JEUDI 10 JUILLET 2003

L’INCOHÉRENCE DES INSTITUTIONS DANS LA CRISE FRANÇAISE

Ce 10 juillet au matin, une partie de la presse semblait s’étonner de la réserve du chef de l’État face à l’agitation de la CGT-spectacle. Le matin même, en effet, on apprenait que le 57 Festival d’Avignon, mais aussi le Festival d’Aix-en-Provence étaient annulés. La veille au soir, il est vrai, le président bonapartiste de l’Assemblée nationale, M. Jean-Louis Debré, avait exprimé le fond du sentiment de son protecteur en accusant le MEDEF d’avoir pris la responsabilité de déclencher la crie.

Cette interrogation des journaux quant au silence du chef de l’État est beaucoup plus bruyante qu’elle ne le fut pendant les deux longs mois de discrétion totale du même personnage cependant que la France entière était menacée de grève générale. On a attendu le 12 juin pour entendre M. Chirac s’exprimer non sur la grève thrombose de la SNCF et de la RATP, autrement plus grave que l’annulation des festivals, mais pour se féliciter du soi disant civisme des enseignants laissant se dérouler les épreuves du baccalauréat.
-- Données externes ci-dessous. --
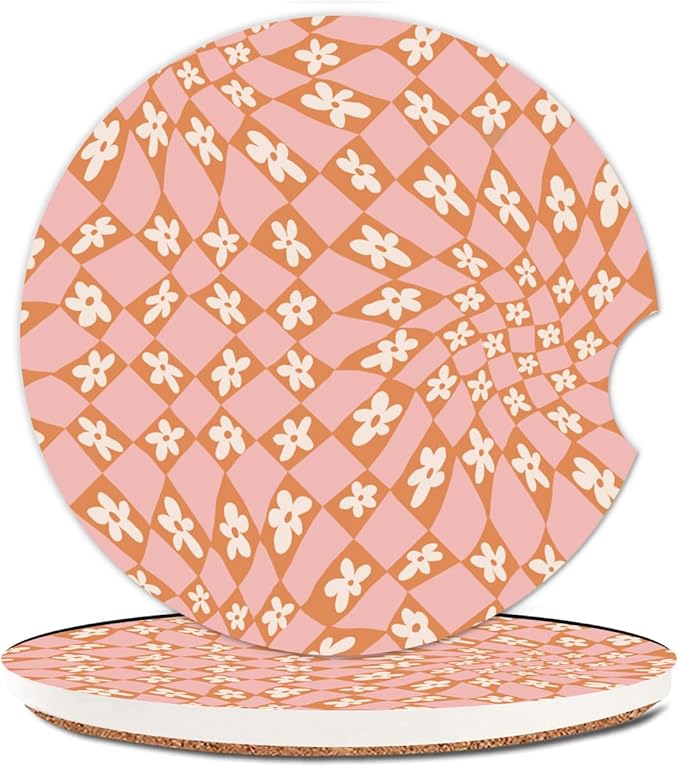 Absorbent Car Cupholder Coaster 2 Pack, Cute Car Coasters with a Finger Notch for Women & Men,2.56" Ceramic Stone & Non-Scratch Cork Base Drink Coasters, Cute Auto Accessories Gifts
La raison de l’irritation de M. Chirac, qui avait surpris dès le 2 juillet les participants du Conseil des Ministres, tient à nouveau à la contradiction entre la politique étrangère qu’il mène à titre personnel et la politique économique que cherche à mener son gouvernement.

Faut-il analyser les raisons véritables de la politique extérieure actuelle ? Sans doute évoquera-t-on un faisceau de circonstances, dont certaines tiennent à des raisons strictement intérieures, les conditions de son élection se conjuguent avec les motivations de son désir d’un 3 mandat en 2007. Les mauvaises langues observeront qu’une telle hypothèse lui assurerait une immunité pratiquement définitive. Acceptons de tenir tout cela pour subalterne en remarquant tout de même que l’Élysée persiste et signe sur la plupart des dossiers où on l’a vu s’engager sur la scène internationale des derniers mois.
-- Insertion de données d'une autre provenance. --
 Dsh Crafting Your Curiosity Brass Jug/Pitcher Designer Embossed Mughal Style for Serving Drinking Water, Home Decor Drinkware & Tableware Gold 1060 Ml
Au contraire, la tendance dominante de l’équipe gouvernementale autour de MM. Raffarin et Sarkozy est de jouer une musique infiniment plus adaptée aux réalités de la société française et à ses besoins d’évolution.

Si M. Debré voulait bien prendre la peine de lire les textes d’accords sur la réforme du régime UNEDIC du Spectacle ou ceux aboutissant au texte que son assemblée a voté le 3 juillet en première lecture, il verrait que le MEDEF n’est pas seul partie prenante. Il constaterait par exemple que la CFDT, forte de 850 000 adhérents ou la CGC de M. Cazettes, sont signataires.

Il pourrait enregistrer aussi le fait que l’OCDE, dans un texte du 8 juillet ou le FMI, le 7 juillet, s’inquiètent, autant que la Commission européenne, non seulement des déficits publics des finances françaises, mais aussi des archaïsmes de la France, par exemple en matière de salaire minimum et du coût du travail.

Ce 10 juillet on se glorifiait sur France Culture d’une prétendue victoire française sur le terrain de l’exception culturelle. Les représentants de l’État français ont obtenu en effet, le 9 juillet, l’introduction d’une clause unanimiste sur ce terrain dans le projet de Constitution européenne qu’on commencera à discuter à Rome mi-octobre et qui avait pourtant été remis, sans ce projet de clause, au Conseil européen de Thessalonique.

L’agitation internationale factice et brouillonne de MM. Chirac et de Villepin est en effet une chose, la réalité, la vie quotidienne, les aspirations profondes du pays sont tout à fait différentes et chacun le sait. Avec 84 Directives européennes non encore transposées dans le Droit interne français, l’Hexagone persiste à être inutilement la lanterne rouge juridique de l’Europe.

Menés à la baguette par un Debré, les travaux de nos assemblées joignent ainsi l’inefficacité à l’autoritarisme, parfaite illustration de ce que Jean-François Revel appelait "l’Absolutisme inefficace"dans son livre écrit en 1992 "contre le présidentialisme à la française"avant même le retour des artisans de ce présidentialisme.

La vraie crise française découle donc avant toute autre considération de l’incohérence de nos institutions.